Obviously it would be futile and an unnecessary waste of time and effort to require petitioner to resubmit the data and information which he had previously submitted relative to his business operations as a basis for renegotiation. The fact that renegotiating officials and petitioner availed themselves of such data in the renegotiation under the 1943 Act did not deprive the letter of October 9, 1944, above referred to, of its function as the commencement of renegotiation under that act.
On October 20,1944, the delegatee of the Board made his unilateral determination of the amount of excessive profits with respect to petitioner’s renegotiable business.
On December 20, 1944, the Board notified petitioner by registered mail of its unilateral determination of his excessive profits in the amount of $20,000, before adjustment for taxes. We therefore hold that petitioner’s liability for excessive profits, before adjustment for taxes, is $20,000 and that such liability was not discharged under the limitation provisions of section 403 (c) (3) of the Renegotiation Act of 1943. Cf. Harold F. Buck, 10 T. C. 623.

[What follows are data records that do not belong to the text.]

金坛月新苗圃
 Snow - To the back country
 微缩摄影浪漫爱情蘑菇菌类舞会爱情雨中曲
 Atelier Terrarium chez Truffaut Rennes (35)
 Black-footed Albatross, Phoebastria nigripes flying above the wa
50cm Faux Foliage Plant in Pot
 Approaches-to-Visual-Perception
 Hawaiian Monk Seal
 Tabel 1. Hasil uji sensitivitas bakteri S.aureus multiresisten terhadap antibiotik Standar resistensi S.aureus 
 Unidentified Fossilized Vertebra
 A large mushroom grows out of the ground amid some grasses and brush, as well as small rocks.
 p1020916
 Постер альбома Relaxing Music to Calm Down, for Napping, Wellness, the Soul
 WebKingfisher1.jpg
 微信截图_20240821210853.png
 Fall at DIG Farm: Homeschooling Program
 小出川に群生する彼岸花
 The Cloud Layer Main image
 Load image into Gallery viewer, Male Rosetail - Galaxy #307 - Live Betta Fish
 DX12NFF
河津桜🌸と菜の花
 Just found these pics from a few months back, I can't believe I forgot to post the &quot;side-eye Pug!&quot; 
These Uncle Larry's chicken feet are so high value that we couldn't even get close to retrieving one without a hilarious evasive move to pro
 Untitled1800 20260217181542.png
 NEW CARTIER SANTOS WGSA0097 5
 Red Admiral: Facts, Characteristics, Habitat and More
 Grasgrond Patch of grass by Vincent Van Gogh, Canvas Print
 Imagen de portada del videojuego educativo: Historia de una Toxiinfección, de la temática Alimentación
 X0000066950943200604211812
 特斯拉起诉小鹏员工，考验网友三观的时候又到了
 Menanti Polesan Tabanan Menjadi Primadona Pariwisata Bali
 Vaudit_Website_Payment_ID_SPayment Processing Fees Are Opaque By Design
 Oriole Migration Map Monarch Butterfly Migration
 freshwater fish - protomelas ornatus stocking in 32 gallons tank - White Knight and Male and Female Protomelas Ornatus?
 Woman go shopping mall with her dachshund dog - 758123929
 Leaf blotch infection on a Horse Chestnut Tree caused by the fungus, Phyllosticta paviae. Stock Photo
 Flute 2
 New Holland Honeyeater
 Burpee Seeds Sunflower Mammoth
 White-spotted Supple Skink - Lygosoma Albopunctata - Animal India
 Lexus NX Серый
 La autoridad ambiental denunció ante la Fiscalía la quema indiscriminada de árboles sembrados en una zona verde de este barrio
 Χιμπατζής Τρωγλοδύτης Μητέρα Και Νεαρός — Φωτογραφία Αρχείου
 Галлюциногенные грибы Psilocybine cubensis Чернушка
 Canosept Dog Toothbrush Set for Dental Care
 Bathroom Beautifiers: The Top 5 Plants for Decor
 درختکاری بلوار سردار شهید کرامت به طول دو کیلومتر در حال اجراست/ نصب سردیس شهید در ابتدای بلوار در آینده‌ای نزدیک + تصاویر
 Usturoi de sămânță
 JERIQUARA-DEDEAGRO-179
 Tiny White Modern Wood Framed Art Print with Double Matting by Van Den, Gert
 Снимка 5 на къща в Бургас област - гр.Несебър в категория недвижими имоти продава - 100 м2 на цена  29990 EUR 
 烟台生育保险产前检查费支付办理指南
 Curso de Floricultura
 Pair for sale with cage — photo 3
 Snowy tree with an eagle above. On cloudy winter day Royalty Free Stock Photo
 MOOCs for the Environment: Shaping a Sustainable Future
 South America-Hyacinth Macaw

, An order will be entered in accordance herewith.
Reviewed by the Court.
(3) No proceeding to determine the amount of excessive profits shall be commenced more than one year after the close of the fiscal year in which such excessive profits were received or accrued, or more than one year after the statement required under paragraph (5) is filed with the Board, whichever is the later, and if such proceeding is not sq commenced, then upon the expiration of one year following the close of such fiscal year, or one year following the date upon which such statement is so filed, whichever is the later, all liabilities of the contractor or subcontractor for excessive profits received or accrued during such fiscal year shall thereupon be discharged. If an agreement or order determining the amount of excessive profits is not made within one year following the commencement of the renegotiation proceeding, then upon the expiration of such one year all liabilities of the contractor or subcontractor for excessive profits with respect to which such proceeding was commenced shall thereupon be discharged, except that (A) if an order is made within such one year by the Secretary (or an officer or agency designated by the Secretary) pursuant to a delegation of authority under subsection (d) (4), such one-year limitation shall not apply to review of such order by the Board, and (B) such one-year period may be extended by mutual agreement.